According to a recent news report that emerged in mid-November 2019, the Defense Advanced Research Projects Agency (DARPA) is challenging contractors to put more research into neural networks. The agency is so high on neural networks that they are looking to fund the right research projects. DARPA wants to know if it is possible to run advanced neural network architectures on low-power systems.

You might be wondering why DARPA is so interested in the neural network concept. The answer should be easy enough to figure out once you understand what a neural network is and what it does.

Basics of Neural Networks

A neural network is just one component of the larger concept we call artificial intelligence. A neural network is a group of computer algorithms designed to loosely mimic human brain activity as they work together. How do they do that? By analyzing tons of data, recognizing patterns within that data, and comparing it to past data sets to reach some sort of conclusion – similar to how the brain makes decisions.

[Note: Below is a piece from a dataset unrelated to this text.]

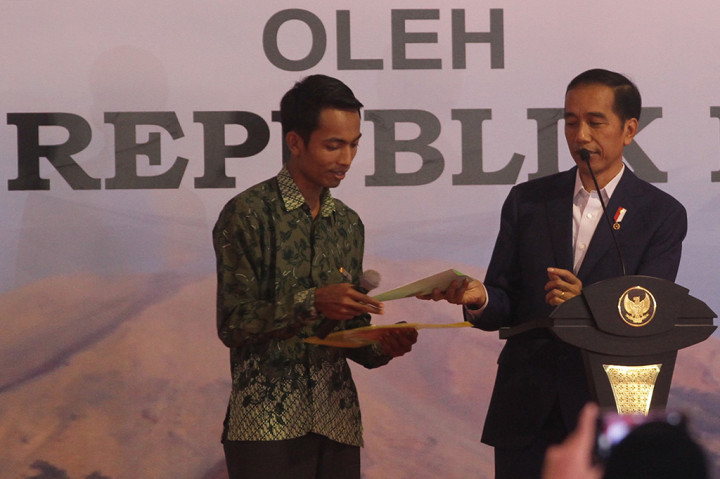 Jokowi Bagikan Sertifikat Tanah untuk Ribuan Warga di Jatim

For example, a neural network could predict the likelihood of certain people developing a given medical condition. The network would be given past medical data as a starting point. It would then analyze data provided by the patients in question and look for patterns between that data and the historical data set. If the right patterns are recognized, the network would return results suggesting which of the patients are more likely to go on to develop the medical condition in question.

The one thing neural networks cannot do is think for themselves. Remember, these are just computer algorithms. They don’t know what information they are lacking. They don’t know how to go out and find information they do not yet have. They are incapable of any sort of thought – be it abstract or otherwise.

Smaller, Faster, and Better

Neural networks are already being utilized by the U.S. military to some degree. DARPA is interested in additional research because they aren’t happy with current capabilities. They want neural networks that are smaller, faster, and better. They want neural network technologies that can be made portable. They want networks that are more efficient, possess a higher level of logic, and can crunch greater volumes of data.

Rock West Solutions, a California company that works with commercial and military contractors on signal processing solutions, explains that the fundamental technologies necessary to give DARPA what it wants already exists. Now it is a matter of improving those technologies substantially.

Much of what will go into that effort involves signal processing. From Rock West’s point of view, all the data a neural network could process is not necessarily good data. One of the first requirements of improving a neural network is to apply advanced signal processing to weed out undesirable data so that it doesn’t get in the way.

At the end of the day, DARPA’s desire to further expand its use of neural networks is all about smarter self-defense. Rather than relying merely on raw military power to protect us from our enemies, DARPA wants to outsmart them as well. That would theoretically lead to better defense at a lower human cost.